Next I wanna show you how to view the top or bottom of a file.
This is a particularly useful to deal with genomic files
since they're usually very large.
And regular text editor either won't open them or
dramatically slows down your computer.
But genomics files usually contain structure data,
therefore we can view only the first few lines or last few lines to get
a sense of what the data looks like without opening the entire file.

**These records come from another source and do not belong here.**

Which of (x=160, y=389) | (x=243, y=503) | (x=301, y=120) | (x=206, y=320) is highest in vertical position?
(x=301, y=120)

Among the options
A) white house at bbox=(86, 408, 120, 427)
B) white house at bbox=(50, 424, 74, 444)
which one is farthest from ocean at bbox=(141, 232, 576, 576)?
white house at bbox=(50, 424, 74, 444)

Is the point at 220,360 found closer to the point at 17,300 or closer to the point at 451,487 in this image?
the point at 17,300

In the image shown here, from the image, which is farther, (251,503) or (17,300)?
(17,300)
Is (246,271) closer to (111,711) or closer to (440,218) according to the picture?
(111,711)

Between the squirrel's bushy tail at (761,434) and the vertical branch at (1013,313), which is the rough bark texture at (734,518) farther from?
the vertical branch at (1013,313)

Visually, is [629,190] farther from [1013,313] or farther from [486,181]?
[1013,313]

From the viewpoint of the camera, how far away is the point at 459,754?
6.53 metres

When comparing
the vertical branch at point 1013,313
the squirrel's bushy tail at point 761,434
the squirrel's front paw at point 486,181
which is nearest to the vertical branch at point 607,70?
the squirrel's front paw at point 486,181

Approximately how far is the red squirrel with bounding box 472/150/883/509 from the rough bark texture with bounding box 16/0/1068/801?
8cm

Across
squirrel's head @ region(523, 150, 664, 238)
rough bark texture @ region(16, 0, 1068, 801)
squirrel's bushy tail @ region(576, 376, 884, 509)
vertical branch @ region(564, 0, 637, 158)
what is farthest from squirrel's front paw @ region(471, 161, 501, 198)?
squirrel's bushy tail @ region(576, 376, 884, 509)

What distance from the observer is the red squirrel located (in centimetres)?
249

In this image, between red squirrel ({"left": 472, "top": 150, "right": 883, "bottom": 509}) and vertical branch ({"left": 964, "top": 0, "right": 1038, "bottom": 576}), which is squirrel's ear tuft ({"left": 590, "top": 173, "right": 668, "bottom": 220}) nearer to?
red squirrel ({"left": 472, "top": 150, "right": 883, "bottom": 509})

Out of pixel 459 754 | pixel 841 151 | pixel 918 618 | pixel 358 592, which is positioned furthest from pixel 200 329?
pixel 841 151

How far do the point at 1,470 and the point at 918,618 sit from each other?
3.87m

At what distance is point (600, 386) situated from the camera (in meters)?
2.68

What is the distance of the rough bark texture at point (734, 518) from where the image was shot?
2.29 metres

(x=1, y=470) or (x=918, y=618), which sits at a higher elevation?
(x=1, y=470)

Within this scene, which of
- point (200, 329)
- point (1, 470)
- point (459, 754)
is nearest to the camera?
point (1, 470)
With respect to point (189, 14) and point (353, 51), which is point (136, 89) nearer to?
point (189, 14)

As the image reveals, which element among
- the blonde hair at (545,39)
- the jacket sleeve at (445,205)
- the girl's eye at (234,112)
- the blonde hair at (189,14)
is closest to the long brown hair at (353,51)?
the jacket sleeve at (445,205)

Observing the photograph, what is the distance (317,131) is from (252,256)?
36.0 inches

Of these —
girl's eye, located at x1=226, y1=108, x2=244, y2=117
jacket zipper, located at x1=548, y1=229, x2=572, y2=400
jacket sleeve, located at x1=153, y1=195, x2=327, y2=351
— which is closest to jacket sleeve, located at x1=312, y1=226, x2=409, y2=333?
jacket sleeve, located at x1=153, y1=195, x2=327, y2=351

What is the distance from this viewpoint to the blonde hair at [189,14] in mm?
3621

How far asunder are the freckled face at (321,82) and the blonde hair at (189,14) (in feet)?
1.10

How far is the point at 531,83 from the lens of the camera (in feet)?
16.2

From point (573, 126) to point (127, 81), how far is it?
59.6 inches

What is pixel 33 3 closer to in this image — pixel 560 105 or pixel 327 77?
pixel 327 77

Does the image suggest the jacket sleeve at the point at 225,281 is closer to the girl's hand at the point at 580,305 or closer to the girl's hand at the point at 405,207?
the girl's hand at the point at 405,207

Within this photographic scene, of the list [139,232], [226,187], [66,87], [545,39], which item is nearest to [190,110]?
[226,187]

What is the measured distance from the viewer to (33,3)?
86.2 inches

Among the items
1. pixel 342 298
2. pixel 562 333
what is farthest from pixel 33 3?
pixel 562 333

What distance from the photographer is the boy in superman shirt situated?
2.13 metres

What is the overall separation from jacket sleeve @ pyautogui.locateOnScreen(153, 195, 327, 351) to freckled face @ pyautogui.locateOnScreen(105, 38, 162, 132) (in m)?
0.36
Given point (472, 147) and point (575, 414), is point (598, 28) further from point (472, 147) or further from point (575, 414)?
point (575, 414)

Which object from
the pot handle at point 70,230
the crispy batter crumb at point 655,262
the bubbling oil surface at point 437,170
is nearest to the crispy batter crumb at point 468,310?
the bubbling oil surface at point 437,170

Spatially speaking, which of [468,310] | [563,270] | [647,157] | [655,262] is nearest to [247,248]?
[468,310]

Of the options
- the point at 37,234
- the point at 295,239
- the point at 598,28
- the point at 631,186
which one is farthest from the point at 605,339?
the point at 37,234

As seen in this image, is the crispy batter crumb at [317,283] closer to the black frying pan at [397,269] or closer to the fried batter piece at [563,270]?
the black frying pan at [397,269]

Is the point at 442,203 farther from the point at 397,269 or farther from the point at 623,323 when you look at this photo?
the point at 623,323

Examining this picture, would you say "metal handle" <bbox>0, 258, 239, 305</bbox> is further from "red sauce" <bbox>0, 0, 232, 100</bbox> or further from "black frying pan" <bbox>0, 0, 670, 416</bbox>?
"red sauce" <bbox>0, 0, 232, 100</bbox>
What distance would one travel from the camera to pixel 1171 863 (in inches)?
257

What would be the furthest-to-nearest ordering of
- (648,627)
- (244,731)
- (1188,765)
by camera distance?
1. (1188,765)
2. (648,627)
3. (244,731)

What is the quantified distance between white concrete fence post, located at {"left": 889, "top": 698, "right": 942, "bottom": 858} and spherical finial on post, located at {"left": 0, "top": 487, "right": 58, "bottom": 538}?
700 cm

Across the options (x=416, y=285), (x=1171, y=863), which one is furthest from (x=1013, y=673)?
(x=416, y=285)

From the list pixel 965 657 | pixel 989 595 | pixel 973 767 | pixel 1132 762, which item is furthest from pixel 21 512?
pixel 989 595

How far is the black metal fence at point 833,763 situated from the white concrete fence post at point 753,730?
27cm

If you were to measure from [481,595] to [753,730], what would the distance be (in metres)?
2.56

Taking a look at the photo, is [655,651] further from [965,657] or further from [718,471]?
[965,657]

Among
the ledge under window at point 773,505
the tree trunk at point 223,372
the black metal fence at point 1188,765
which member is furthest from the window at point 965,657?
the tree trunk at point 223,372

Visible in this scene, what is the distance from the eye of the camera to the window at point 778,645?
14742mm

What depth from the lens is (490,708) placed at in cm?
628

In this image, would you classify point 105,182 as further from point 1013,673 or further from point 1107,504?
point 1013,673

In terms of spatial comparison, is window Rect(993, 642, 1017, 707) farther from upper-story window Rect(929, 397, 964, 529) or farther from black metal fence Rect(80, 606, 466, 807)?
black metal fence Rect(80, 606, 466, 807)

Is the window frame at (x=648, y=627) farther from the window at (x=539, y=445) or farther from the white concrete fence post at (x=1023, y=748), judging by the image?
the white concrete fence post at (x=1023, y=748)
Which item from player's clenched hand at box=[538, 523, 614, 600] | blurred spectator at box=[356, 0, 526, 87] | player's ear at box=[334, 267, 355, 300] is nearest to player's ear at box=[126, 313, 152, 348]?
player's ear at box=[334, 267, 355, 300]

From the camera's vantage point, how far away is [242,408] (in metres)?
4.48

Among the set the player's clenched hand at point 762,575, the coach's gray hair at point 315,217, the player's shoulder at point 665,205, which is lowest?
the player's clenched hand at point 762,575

The commands are head or tail.
Using head followed by how many lines you want to see, followed by the name
of the file, we will get a first a few lines show in the terminal.
For example, here I wanna
see the first five lines of this, mouse genome file.
It's a bit hard to tell how many lines are here since they're wrapped but
if we count the genes we can
see it's five, same as had when we're using tail.
We, we're showing the bottom five lines of the text file.
One of my favorite Linux command when
dealing with large files is command that counts how many lines
are there in the file.
You remember how annoying it is to open a large table in Excel and
drag your mouse down to the end just to see how many rows are there.
While in Linux, you can just type wc -l followed by the filename and
the number of lines which showed up instantly.
Here we have 30,000 something transcripts in the mouse genome.
The last thing I want to show is a grab command it's extremely handy to
handle simple text files.
For example, in this genome annotation file each line contains a transcript,
therefore for a single gene,
multiple lines exist if it has more than one transcript.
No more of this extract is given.